*** Provided records ***

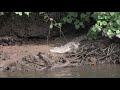 The Wet Tropics - Port Douglas and Daintree, Queensland Australia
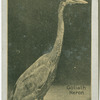 Goliath Heron.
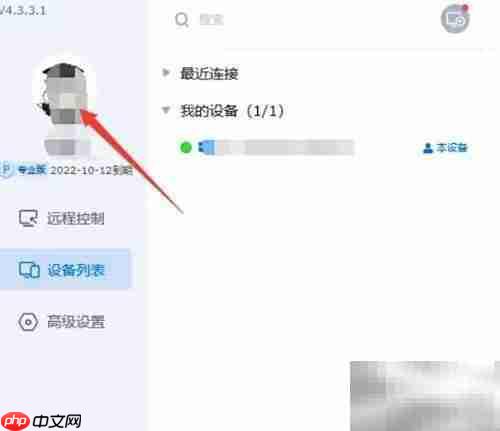 ToDesk如何设置繁体中文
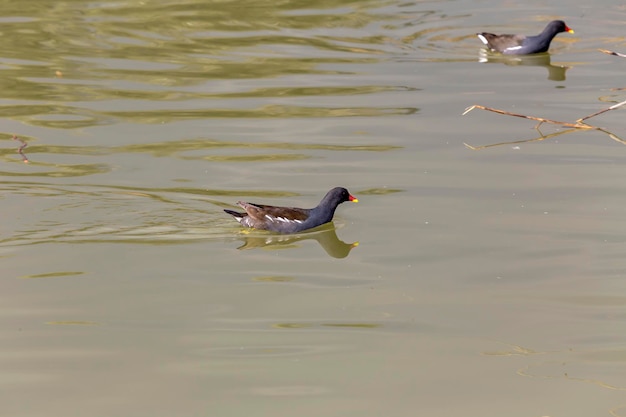 Um belo galeirão Fulica atra nada em uma lagoa fechada em um dia ensolarado de outono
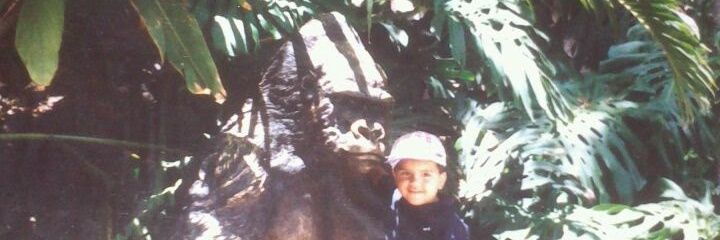 edureyes24's profile banner image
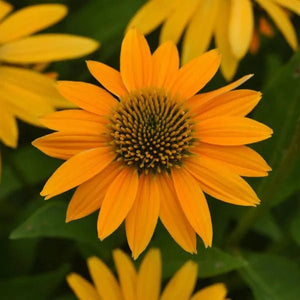 Artisan™ Yellow Ombre Coneflower - Perennial - Nature Hills Nursery - Quart Container - 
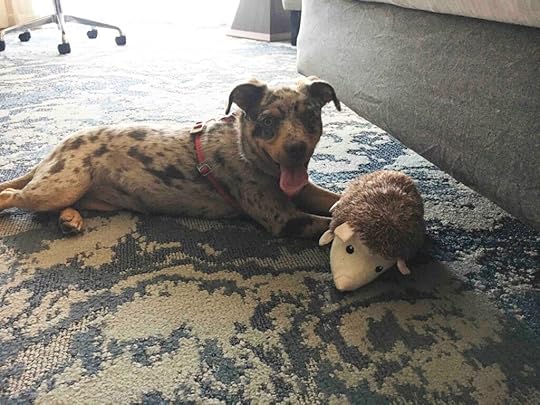 Sunny in the hotel with a toy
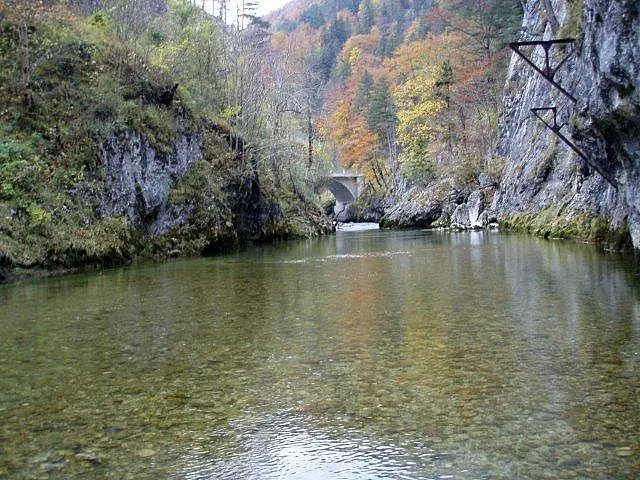 Flusstauchen Schwarza 2010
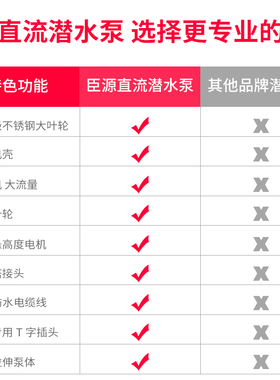 臣源直流潜水泵小型12V24V48V60伏 电动车电瓶水泵车高扬程抽水泵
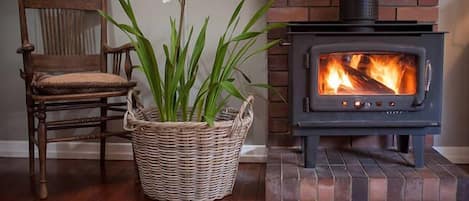 Lounge room fire place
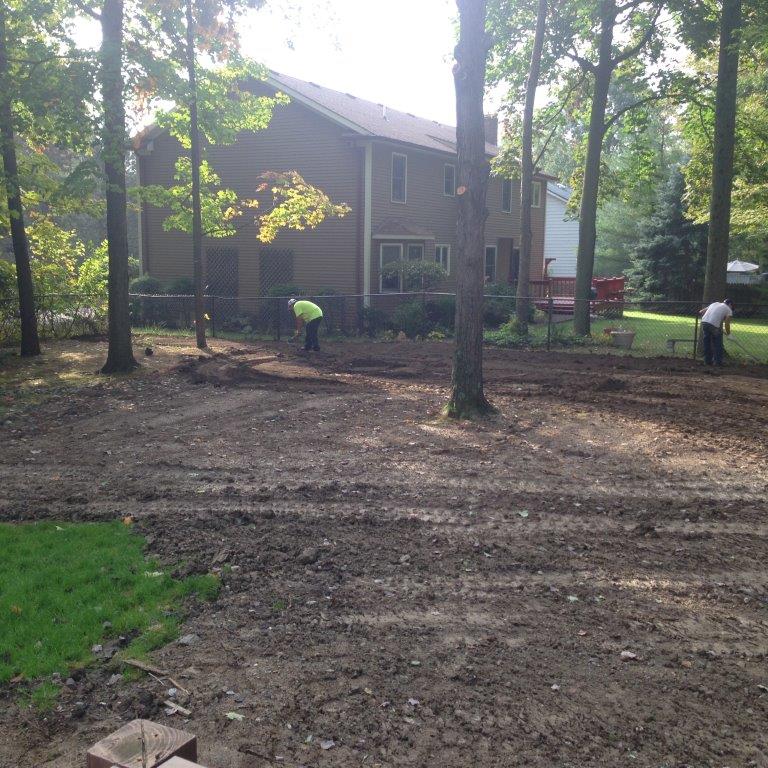 Workers clearing a wooded yard beside a house, with tree stumps and bare dirt.
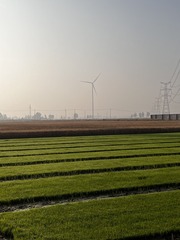 D67A73B5-54D8-4012-9DE0-D2513B722281/L0/001
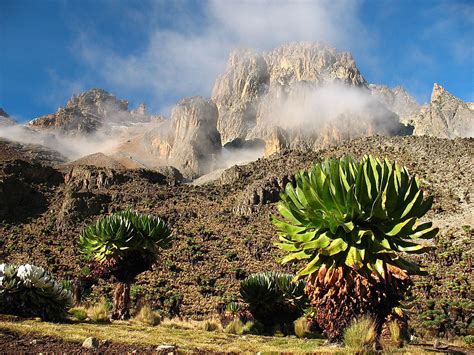 Mount Kenya - WorldAtlas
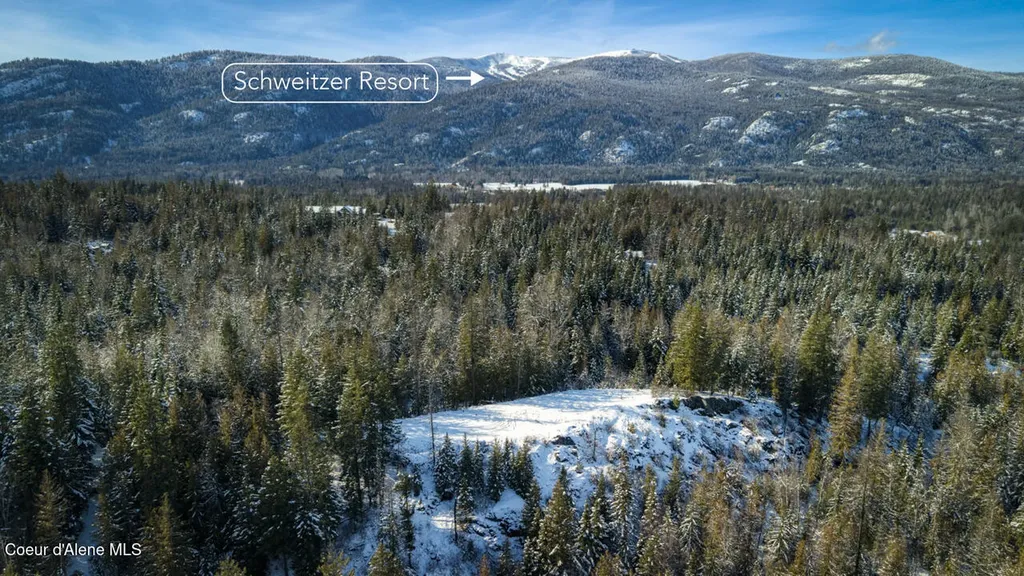 1356 Hidden Valley Sandpoint ID 83864
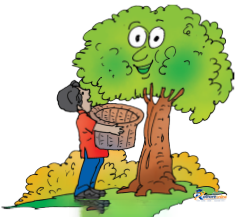 Madhu’s Wish - Image 17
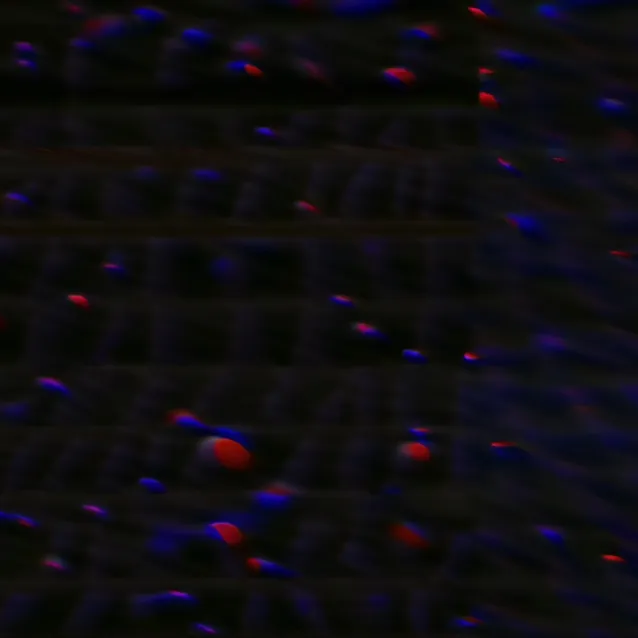 chat with ai character: DATA_EXPUNGED 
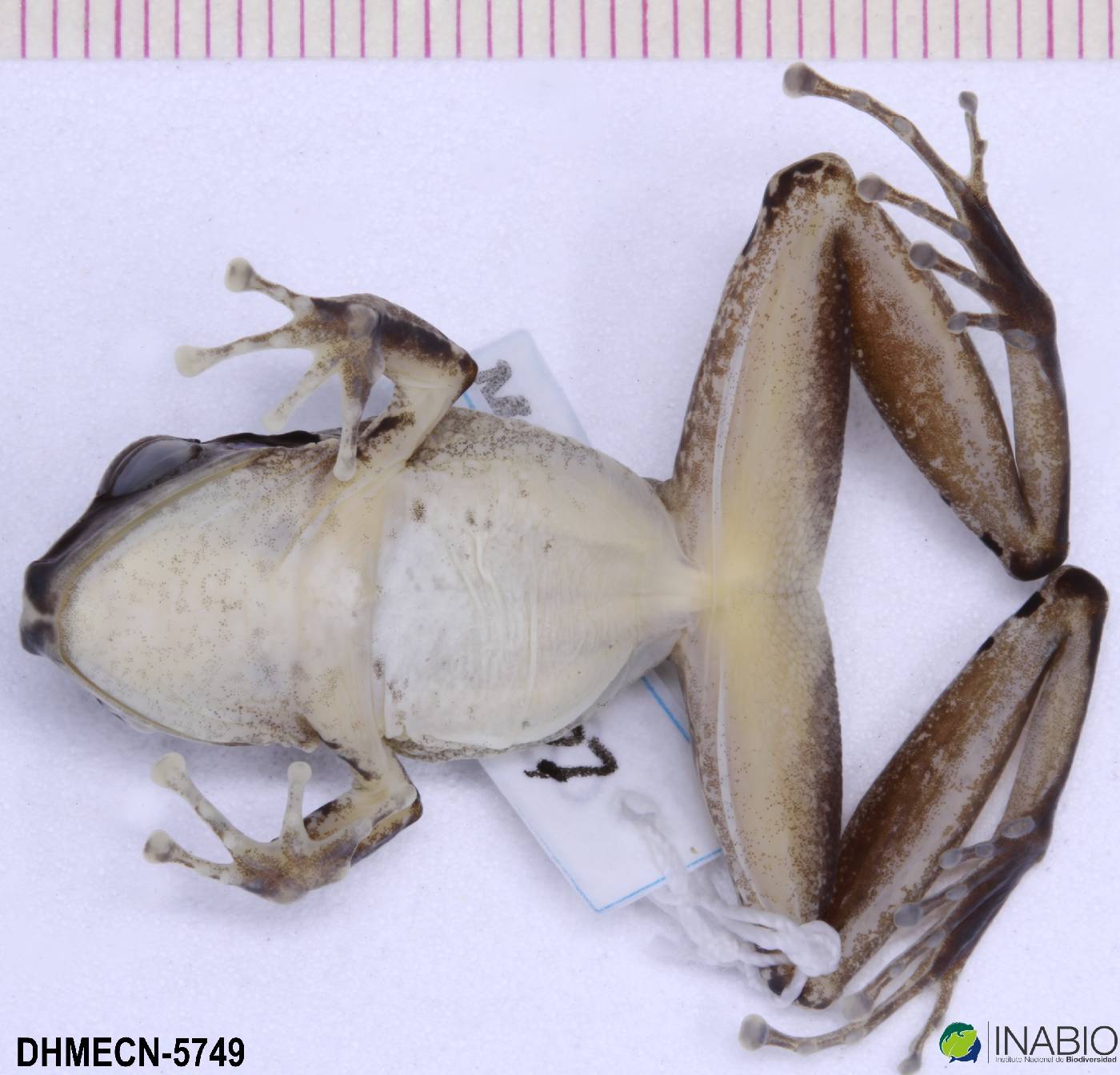 Pristimantis peruvianus image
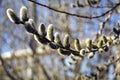 A willow tree blooms against the sky. Royalty Free Stock Photo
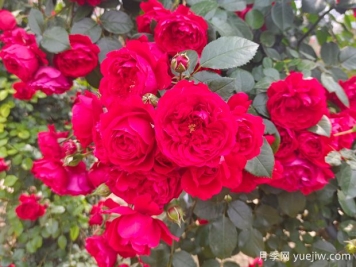 6款红色系的藤本月季品种，适合打造网红花墙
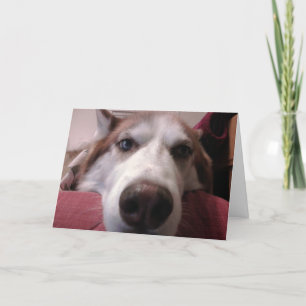 Hund Greeting Card Kort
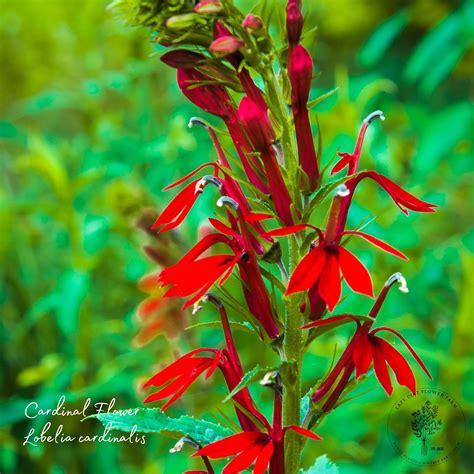 Cardinal Flower Colorado at Erin Wright blog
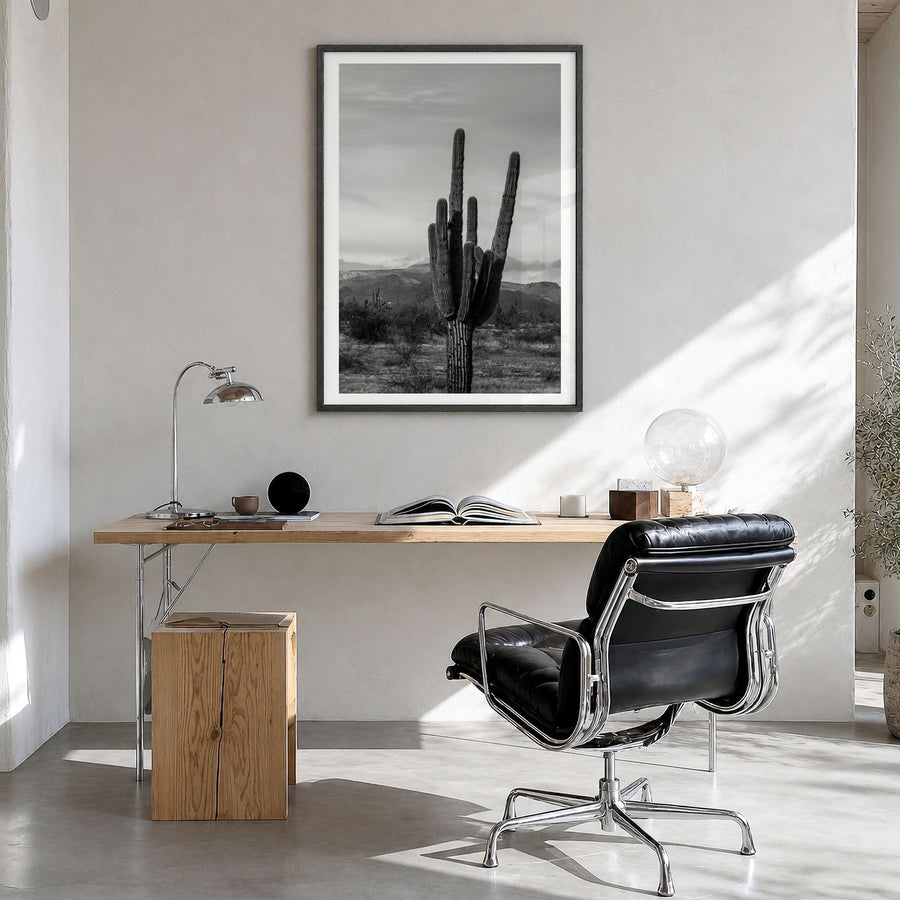 Phoenix Photo No 1 Poster in a black wood frame, hanging in a bright home office, white border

*** End of Provided records ***

Task:
The answer is the full set of records printed exactly, less the pictures.

Result of this task:
 The Wet Tropics - Port Douglas and Daintree, Queensland Australia
 Goliath Heron.
 ToDesk如何设置繁体中文
 Um belo galeirão Fulica atra nada em uma lagoa fechada em um dia ensolarado de outono
 edureyes24's profile banner image
 Artisan™ Yellow Ombre Coneflower - Perennial - Nature Hills Nursery - Quart Container - 
 Sunny in the hotel with a toy
 Flusstauchen Schwarza 2010
 臣源直流潜水泵小型12V24V48V60伏 电动车电瓶水泵车高扬程抽水泵
 Lounge room fire place
 Workers clearing a wooded yard beside a house, with tree stumps and bare dirt.
 D67A73B5-54D8-4012-9DE0-D2513B722281/L0/001
 Mount Kenya - WorldAtlas
 1356 Hidden Valley Sandpoint ID 83864
 Madhu’s Wish - Image 17
 chat with ai character: DATA_EXPUNGED 
 Pristimantis peruvianus image
 A willow tree blooms against the sky. Royalty Free Stock Photo
 6款红色系的藤本月季品种，适合打造网红花墙
 Hund Greeting Card Kort
 Cardinal Flower Colorado at Erin Wright blog
 Phoenix Photo No 1 Poster in a black wood frame, hanging in a bright home office, white border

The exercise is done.